In Egypt, Believer Echoes Easter Hope in the Wake of Witnessing Friend’s Death
When his friend is murdered, one man finds hope in the truth behind Easter
For Christians, the importance of Easter cannot be overemphasized. Not the traditions or festivities themselves, but rather what they point to – the resurrection of Jesus Christ.
In his first letter to the church in Corinth, the Apostle Paul says in 1 Corinthians 15, “…if Christ has not been raised, your faith is futile and you are still in your sins. Then those also who have fallen asleep in Christ have perished. If in Christ we have hope in this life only, we are of all people most to be pitied” (1 Corinthians 15:14).
But because Christ has been raised, Paul adds, “Death is swallowed up in victory. O death, where is your victory? O death, where is your sting?”
It is this Easter hope that assures persecuted believers like Benjamin Mofta of Egypt to place their faith in Christ alone, even when life is threatened and the lives of those around them are taken. Mofta shares how the death of his friend and fellow Coptic priest Samaan Shehata–and his own near-fatal counter–has emboldened his faith.
“I love Jesus,” Benjamin says. “I want to live close to Him.

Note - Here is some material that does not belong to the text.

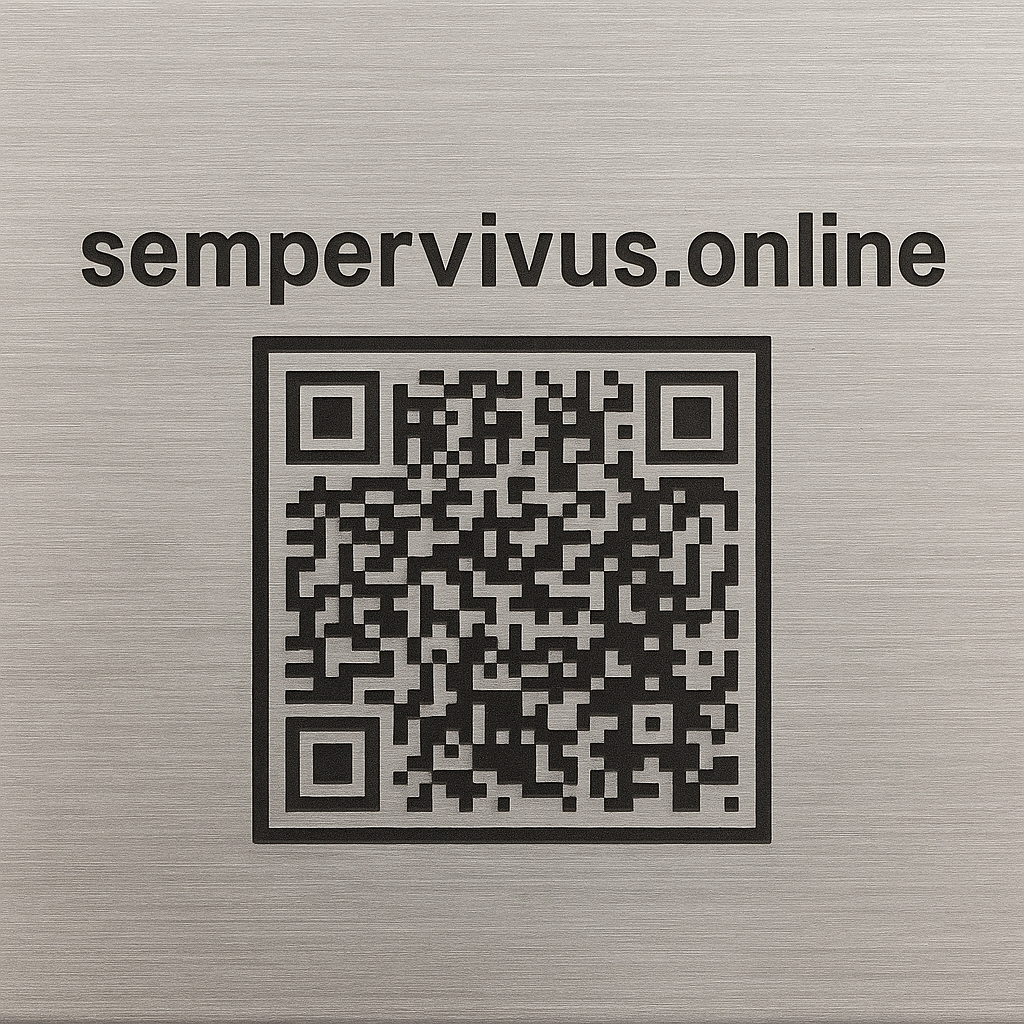 Placa QR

Be as close to Him as a man is close to his wife.”
It is this love for his Savior that has both sustained and strengthened Benjamin Mofta’s faith in the wake of the brutal attack that took the life of his friend/fellow priest Samaan Shehata. He was 45.

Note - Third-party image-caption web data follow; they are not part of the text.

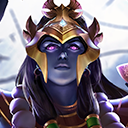Kahlii — AOV Hero 2024 option 45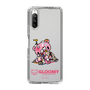 Slim Protection Case［ Gloomy - Cake ］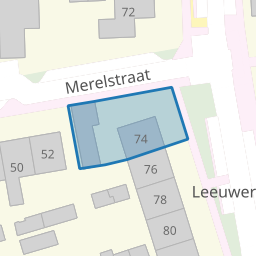 Perceel TIE00-C-6066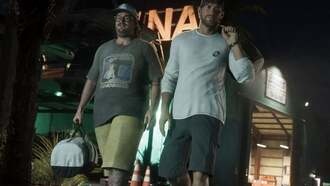 GTA станет учебным пособием по истории США в университете Теннесси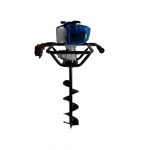 Ahoyador Hyundai 43cc 1,6hp + 3 Brocas 82HYTGD430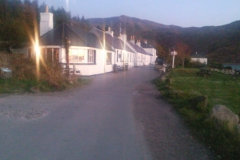 The Old Forge Inverie The Old Forge Inverie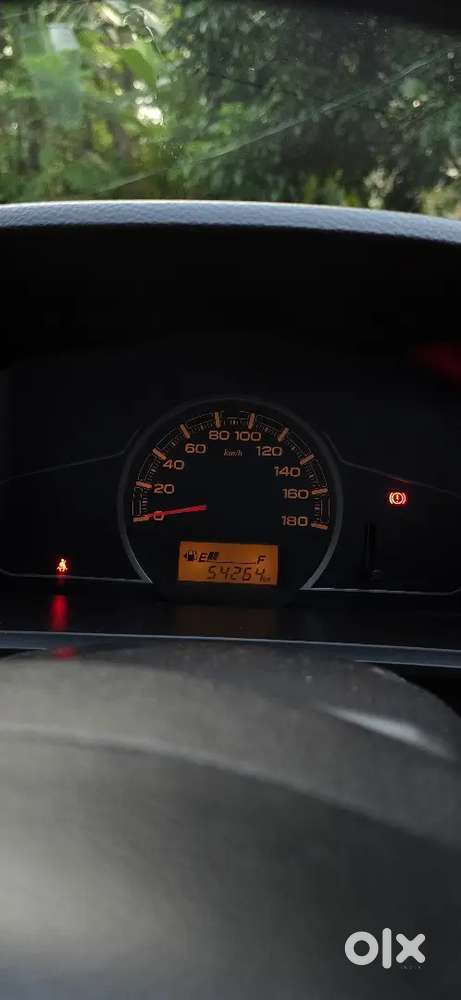 Maruti Suzuki Alto 800 2022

Before the attack, the two Coptic priests had received occasional threats from radical Muslims. But in Egypt, threats from Muslim extremists, especially when you’re a church leader, are part of the Christian experience. In 2017, more than 170 Christians in Egypt were killed for their faith.
“The threats didn’t seem to faze him,” Mofta says of his friend. “He really loved the people of his village, both Christian and Muslim. He helped all of them regardless of their religion. And he made long, tiring trips to Cairo to collect funds for this work and serve those in need.”
Paying the Price
But last fall in the public streets of El-Marg, an urban suburb of northern Cairo, everything changed on October 12, 2017–the same day Egyptian President Abdul Fattah al-Sisi extended for the second time a state of emergency declared in April after two deadly bombings targeting Coptic churches in Tanta and Alexandria.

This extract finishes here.